What the task asks: Given the records underneath, please repeat exactly the lines from the line with "Sokolova, Karlín - Prague" through the line with "Camiseta Não sou", passing over any picture.

Dataset entries:

##############################

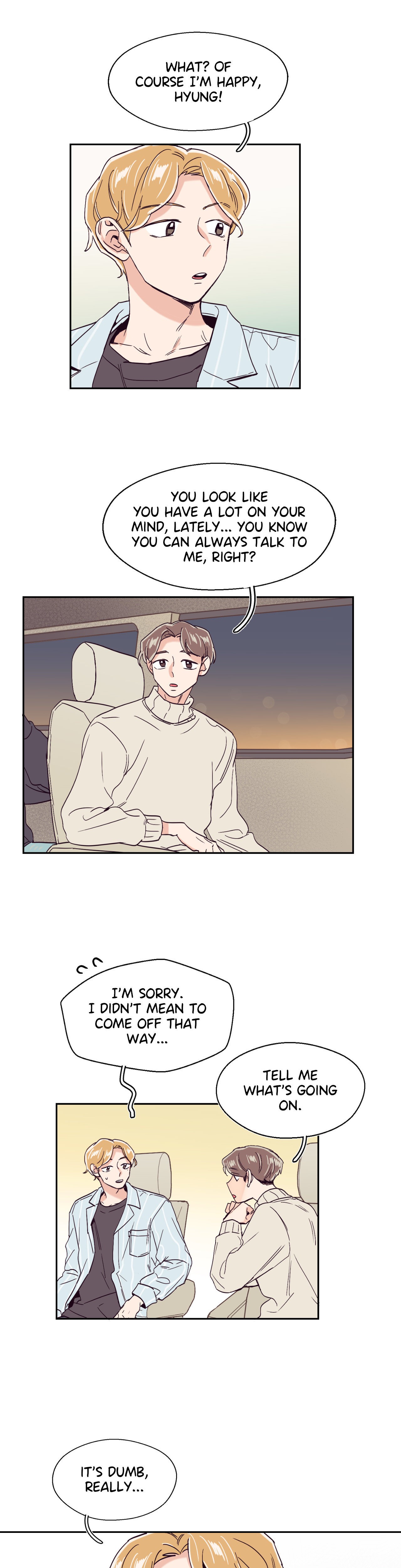 Happy Merry Ending [Official] - Chapter 12 manhwa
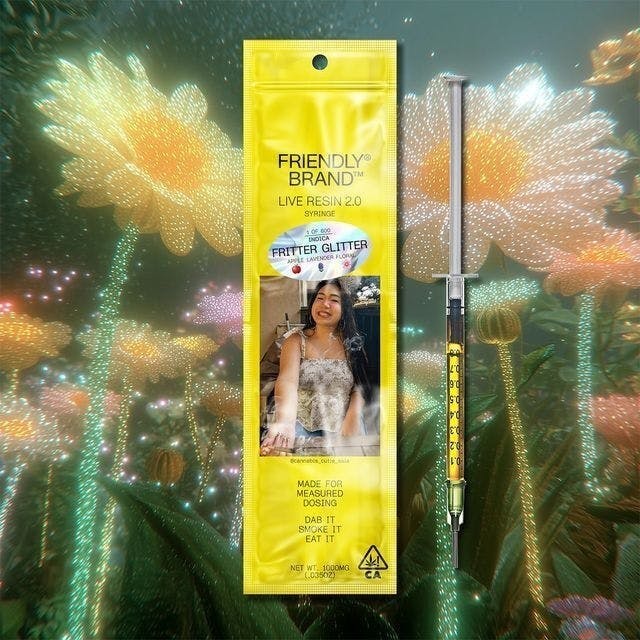 Friendly Brand - Friendly Brand | Live Resin FSO | Fritter Glitter | Extract Oils | 1g - 1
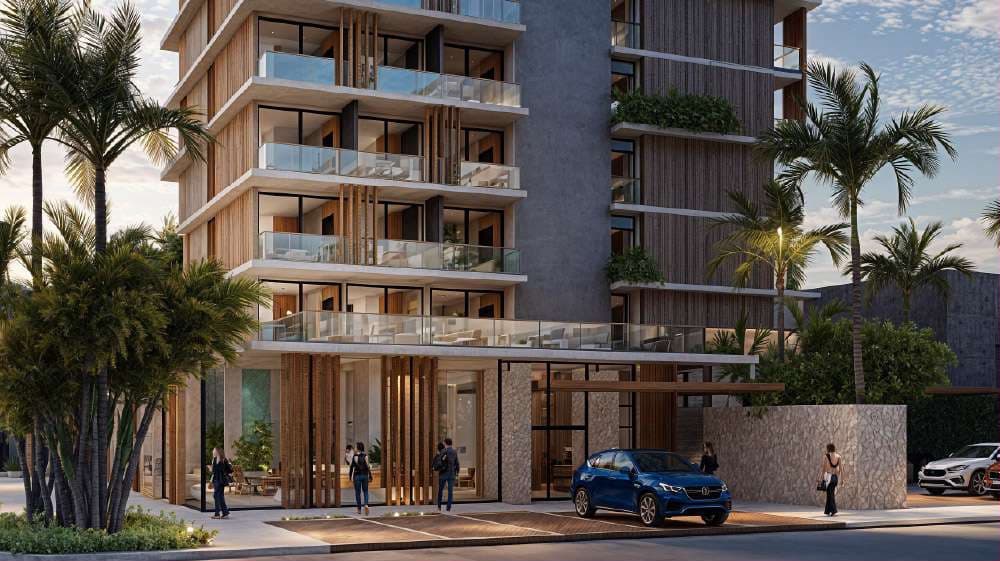 Fachada Moderna do Yu Corsário Smart Hub na Pituba Fachada contemporânea do Yu Corsário Smart Hub na Pituba, Salvador, com arquitetura moderna, varandas e paisagismo integrado.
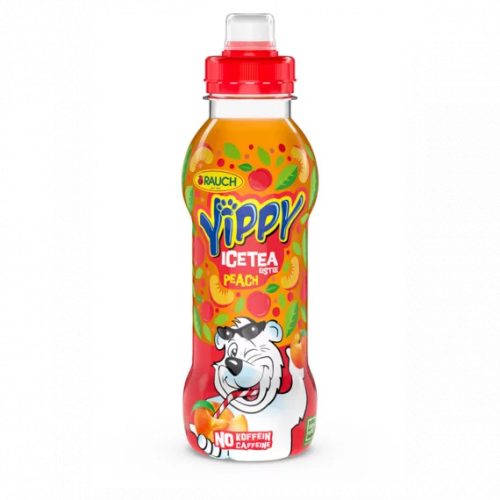 Rauch Yippy Ice Tea őszibarackos üdítőital 330 ml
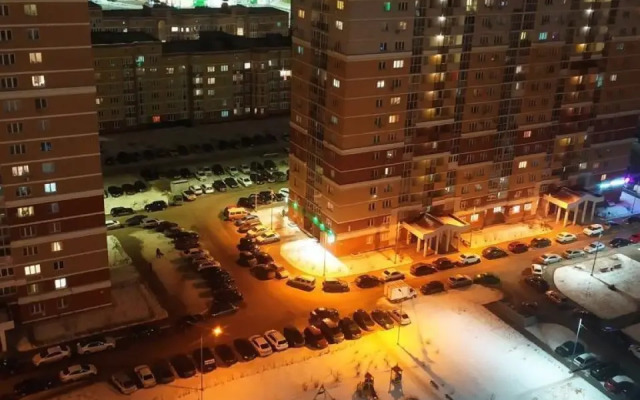 Квартира с Панорамными Окнами на Елeцком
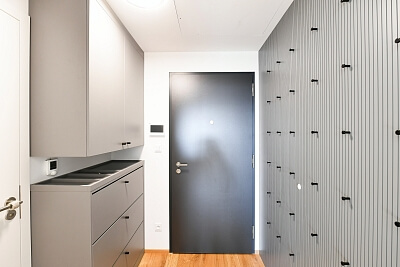 Sokolova, Karlín - Prague 8 | Rent, Apartment One-bedroom (2+kk), 83 m²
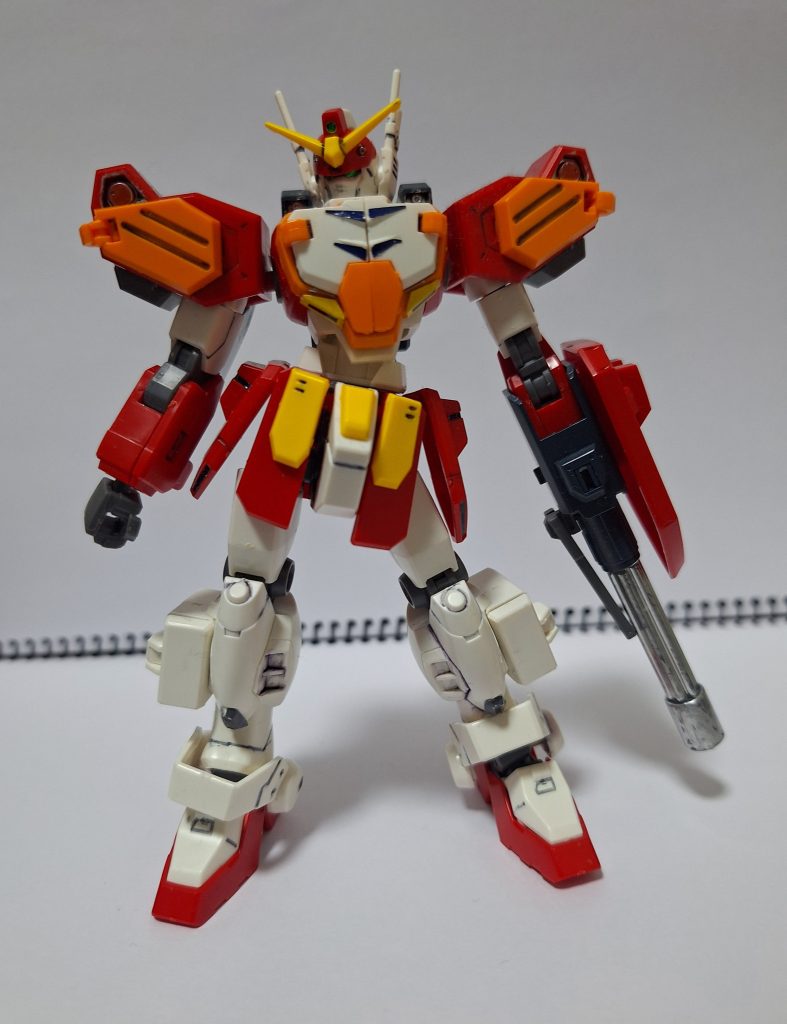 ガンダムヘビーアームズ塗装–5枚目/制作者：@tanatanaretort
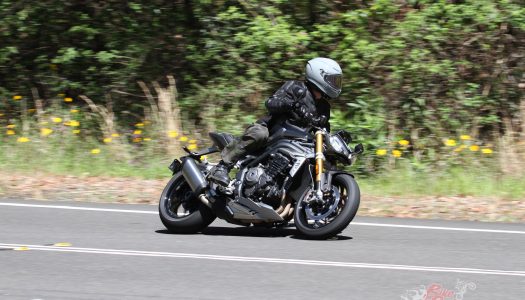 Review: 2021 Triumph Speed Triple 1200 RS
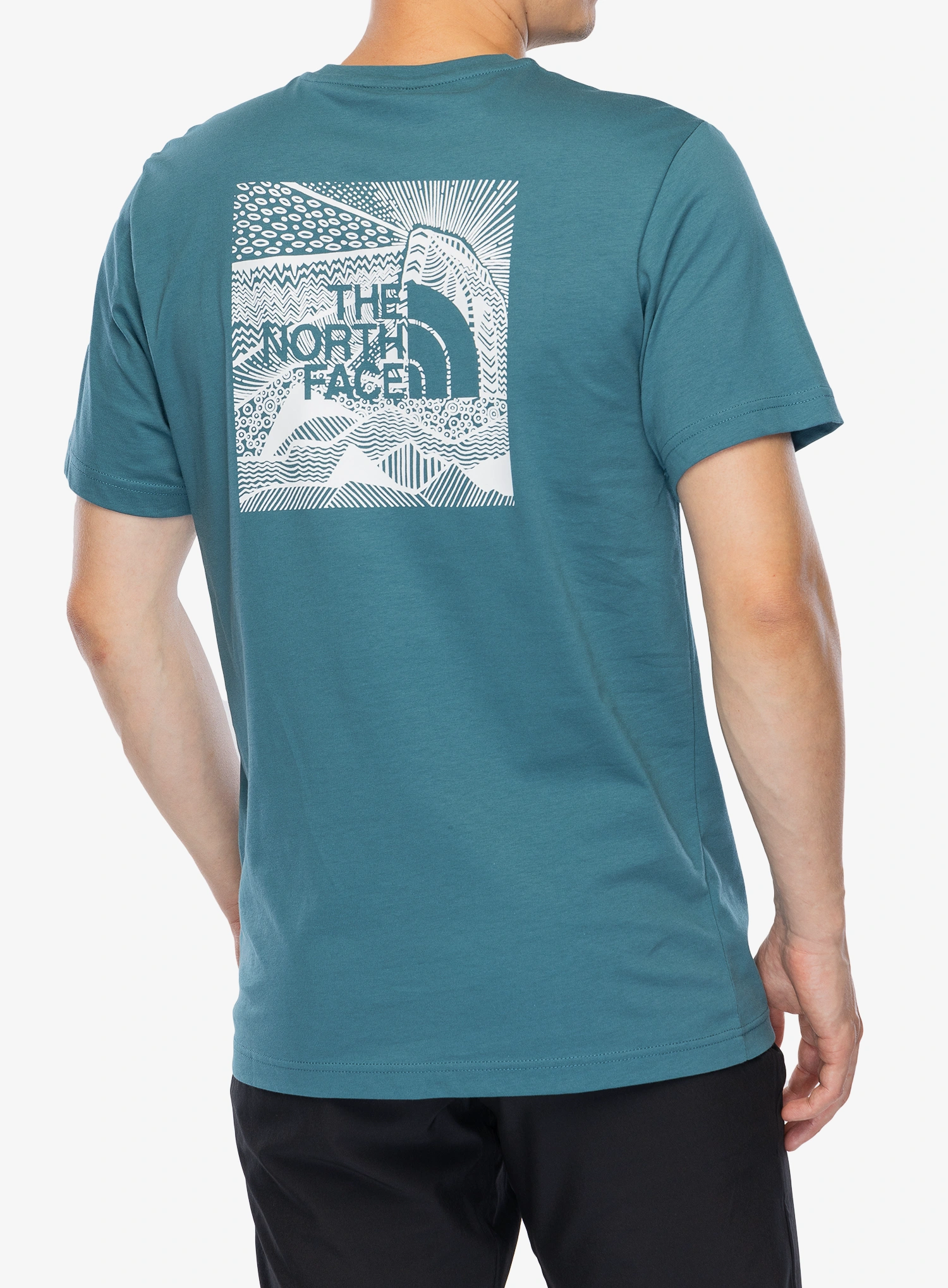 Bavlněné tričko The North Face S/S Redbox Celebration Tee - space
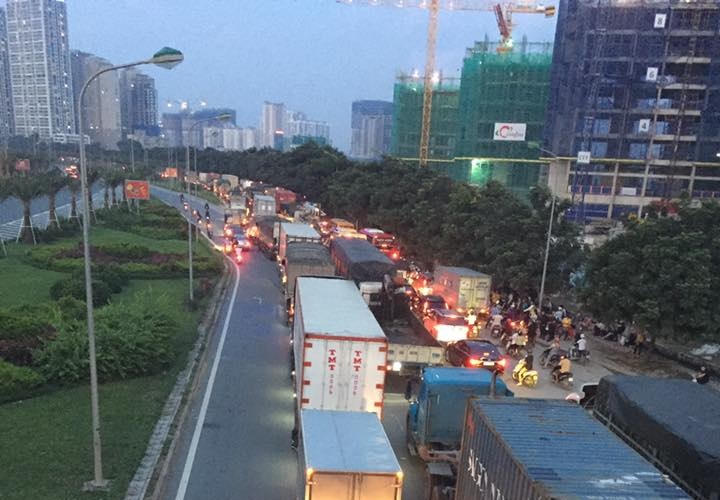 Hà Nội: Tiếp tục tắc đường dịp nghỉ lễ 2/9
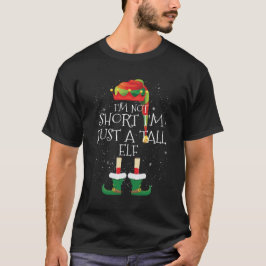 Camiseta Não sou pequeno, sou apenas um natal da família El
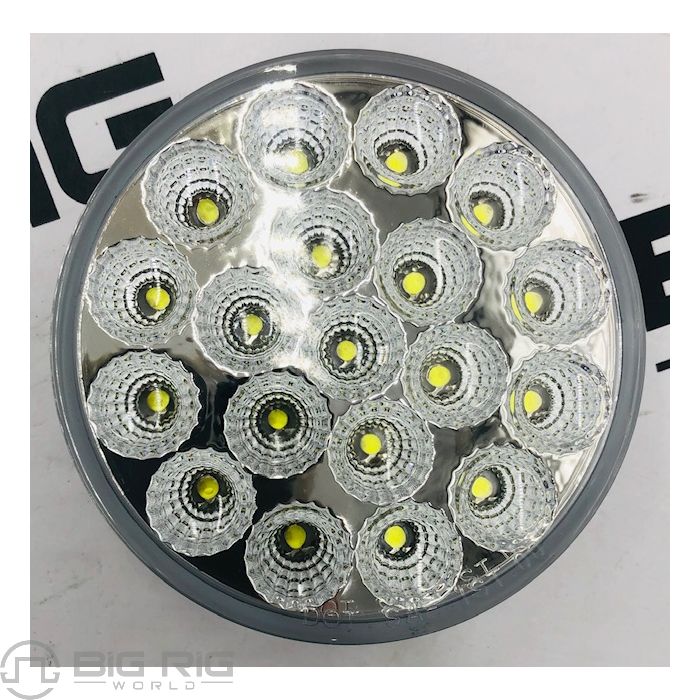 4 Inch Red Stop Turn & Tail to White Backup LED (19 Diodes) TLED-4X40 ...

##############################

Result of this task:
 Sokolova, Karlín - Prague 8 | Rent, Apartment One-bedroom (2+kk), 83 m²
 ガンダムヘビーアームズ塗装–5枚目/制作者：@tanatanaretort
 Review: 2021 Triumph Speed Triple 1200 RS
 Bavlněné tričko The North Face S/S Redbox Celebration Tee - space
 Hà Nội: Tiếp tục tắc đường dịp nghỉ lễ 2/9
 Camiseta Não sou pequeno, sou apenas um natal da família El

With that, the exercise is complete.